税務調査とそのこぼれ話

税務調査とそのこぼれ話【業種編】(43)

今回は、「プロパンガス業」です。
石油の高騰と今年の厳冬により灯油、ガスの値段が高くなっています。景気の方も大手企業はかなり改善されているとはいえ、まだまだ中小企業には波及していないのが現状ではないでしょうか。今回は燃料業の中のプロパンガスを取り上げます。都心部では都市ガスが行き渡り大手ガス会社が独占で供給していますが、少し地方に行きますと未だにプロパンガスを中小の会社で販売しています。そこではガスボンベを個々の家庭に設置し、空になると同じ差し替え用のボンベを持ち込んで交換します。そして月末になると月間の使用料を計って料金請求を行います。ガス器具とかガスコンロの販売もありますが、基本的にはこの重い危険なガスボンベを運んで設置し交換し管理するのがこの業種の基本です。
取り扱いによっては爆発する可能性のあるガスを販売するわけですから、危険物を扱う免許が必要です。またボンベは貸与しますので、これを事前に用意する資金が必要となります。また、重たいボンベを運ぶ車両や人間も必要です。従って、米屋さんとか酒屋さん等昔から重たいものの運搬、販売を行う商売からプロパン業を兼業で始める方も多くいます。
つまり初期投資にまとまった資金や人材が必要なので、全く新規ではなくその地域で重量物の販売の実績があり、人物的にも一定の評価を受けている人が事業展開しているということです。ここで注目すべき点は粗利益です。一般に粗利益は40%~45%あります。
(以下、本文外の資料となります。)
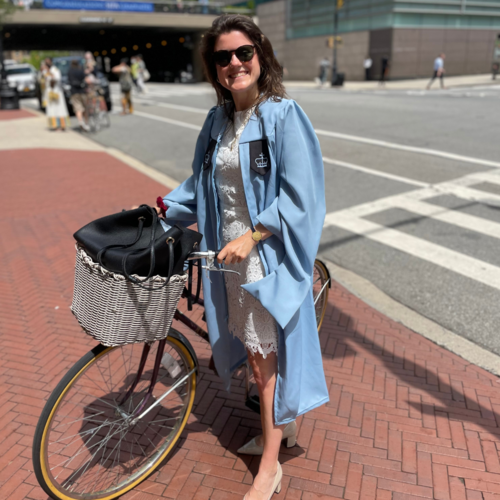 Photo of Sophie riding bike to graduation ceremony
重量物、危険物という点を考慮してもかなりの率です。今は電気との競争も激しくなっていますので、少し下がっているかもしれません。
さて、ではこのようなプロパンガス業はどのようにして調査するのでしょうか。
まず、売上げのチェックです。新規契約には必ずボンベが貸与されますので、所有ボンベの内何本が貸与されているかを把握することで売上げ規模を把握できます。ただボンベを他から融通してもらったり、ガスも複数の業者から仕入れて一業者ごと除外したりすると 把握できません。また、新規契約の時期を数ヶ月ずらすとか、一定の地域ごと売上げを除外するケースもありますので地図等で契約先を落とし込んでチェックし、おかしいと思えるところは個別に反面調査をします。ガス器具とかガスコンロの販売は仕入れと対比してチェックします。
また、ガスの仕入れ料と販売量を月別にチェックし、大きなバランスの崩れがないか検討します。仕入れが多いときは売上げの除外が想定されますし、販売量が多いときは仕入れの除外(除外した仕入れに見合う売上げは当然除外しています。)しています。このように仕入れと売上げはセットで検討していきます。
次に人件費です。今は車でボンベを運びますが、危険物で重量物である以上必ず人が運搬します。アルバイトも補助でつけるでしょう。この際に人数をごまかして多く計上したり、賃金を過大に計上するケースがあります。また、退職した人を引き続き雇ったことにして給与計上したり、払ってもいない退職金を払ったことにすることもあります。